W3 Catalog History
This page briefly describes the CUI W3 Catalog, how it
got started, and why it has come to an end.
What is W3 Catalog?
W3 Catalog was one of the first search engines that attempted to
provide a general searchable catalog for WWW resources.
It ran from September 2, 1993 to November 8, 1996, at the
Centre Universitaire d'Informatique (CUI) of the University of Geneva.
Back to top
How did W3 Catalog get started?
The World Wide Web was developed by
Tim Berners Lee at CERN in the early 1990s. Initially, the only widely available browsers were purely textual, and the only graphical browser was Tim's NeXT implementation. This changed in the Spring of 1993, when
NCSA introduced its
Mosaic browser for X platforms. At the same time, multiple servers for different platforms became available.
Since CERN was just up the road from the University of Geneva,
we invited Tim to give a seminar on the WWW with a live demo.
For the demo we set up our own server, and on June 25, 1993,
the CUI server was publicly announced.
Although the navigational possibilities of the Web were self-evident, it was not clear how one could (or should) provide query facilities for Web resources. We had a number of applications waiting for an easy way to be implemented on the Web (such as a searchable interface to the CUI library database).
At the time, the CERN http server seemed to be very difficult to
configure to run ``active pages'' (i.e., pages whose output would be dynamically generated). The search for a better platform led us to switch on August 10, 1993 to the
Plexus server, implemented in Perl.
This made it very easy for us to install ad hoc search engines
for The Language List and the
OO Bibliography Database as Perl packages directly integrated into our server.
Since the ability to set up a search engine seemed generally useful, I decided to implement a simple, configurable Perl package for the Plexus server that could easily be adapted to different applications. (Basically, all the package - called parscan.pl - would do is return all the HTML paragraphs matching an ISINDEX HTML query string.)
Parscan was made available September 2, 1993.

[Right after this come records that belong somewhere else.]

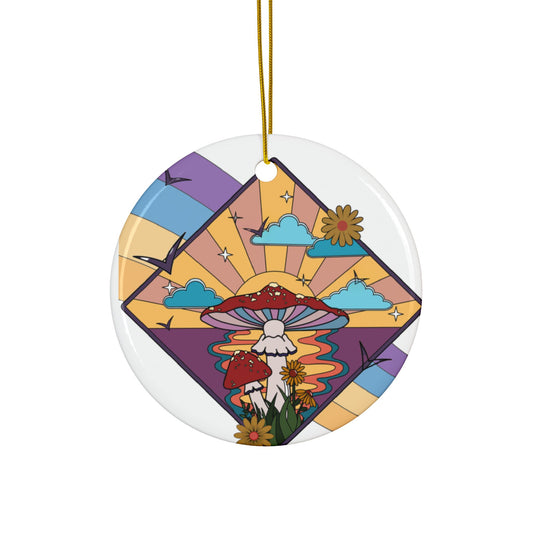 Boho Ornament, Bohemian Style Ornament, Sunset Mushroom Ceramic Ornaments, Whimsical Nature Decor, Holiday Gift, Home Decor, Double-Sided Print, Seasonal Ornament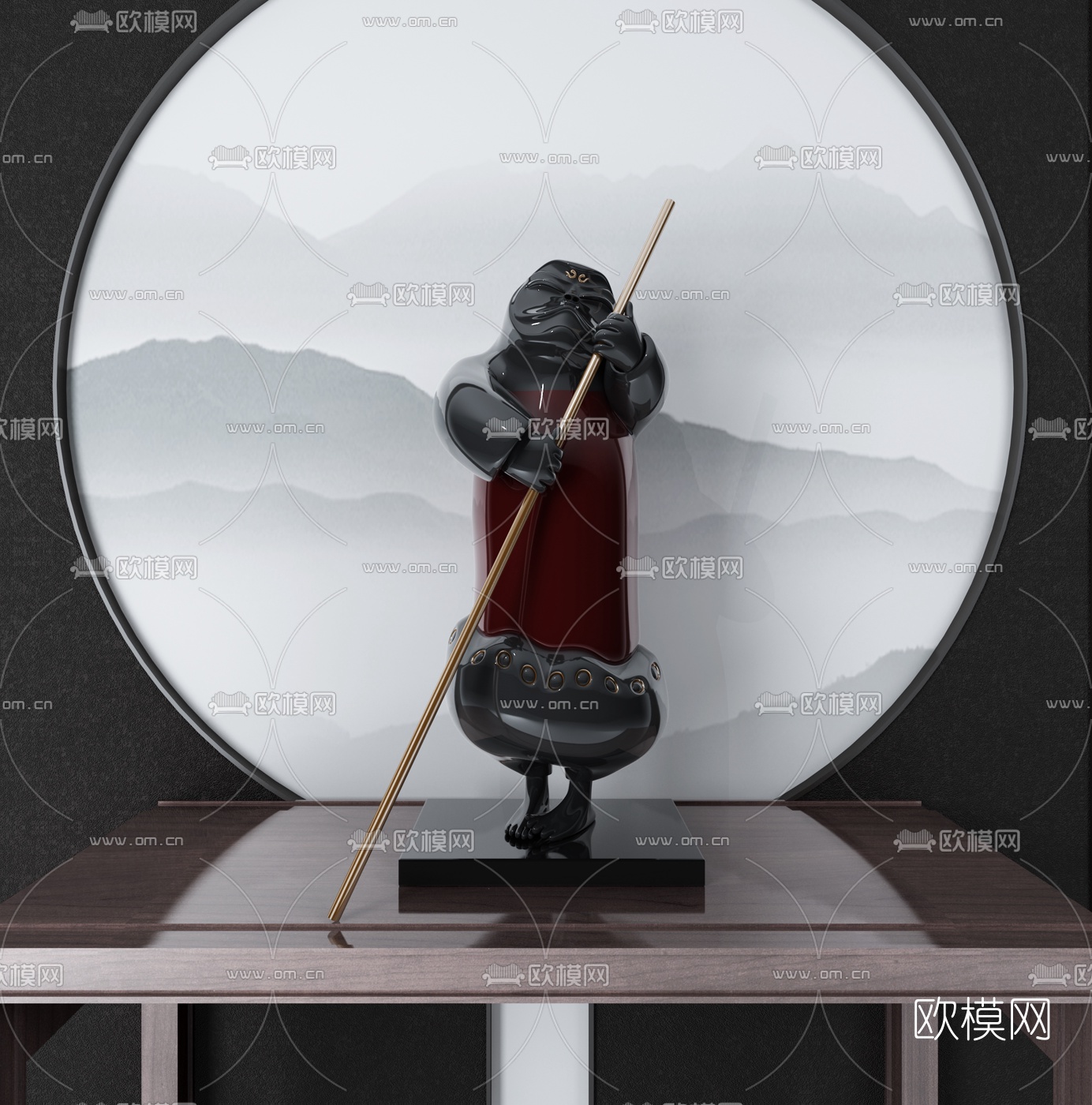 新中式禅意雕塑3d模型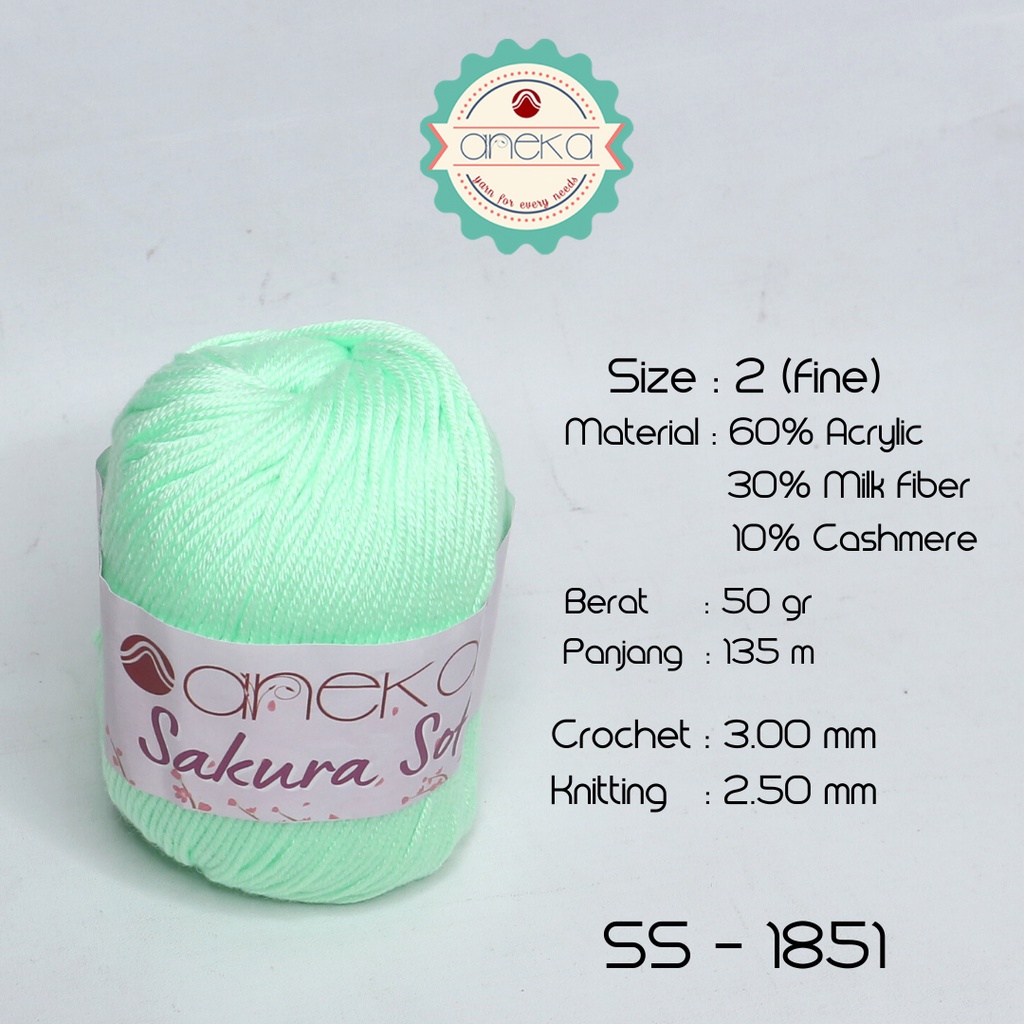 Benang Rajut Sakura Soft / Silk Cotton Milk Cotton Yarn - 1851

At the same time, I noticed that many industrious souls had gone about creating high-quality lists of WWW resources, and made these lists available as part of other services, such as CERN's
WWW
Virtual Library.
The only problem with these lists is that they were not searchable. With parscan, a simple solution suggested itself:
- Periodically download lists of resources using a Perl script that connects to the HTTP servers where the lists are stored (such mirroring programs are now common).
- Use an ad hoc Perl script to reformat the lists into individual HTML paragraphs (or ``chunks''), and glue all the chunks together into one searchable file.
- Provide a parscan interface to query the file.
The search engine (briefly called ``jughead'', but soon renamed ``w3catalog'')
was announced on Sepember 2, 1993.
Back to top
How did W3 Catalog evolve?
Essentially very little has changed since W3 Catalog was initially installed.
The main changes are:
- New lists were gradually added to the original sources that made up
the searchable catalog. At no time was there any intention to
allow people to directly register resources with W3 Catalog.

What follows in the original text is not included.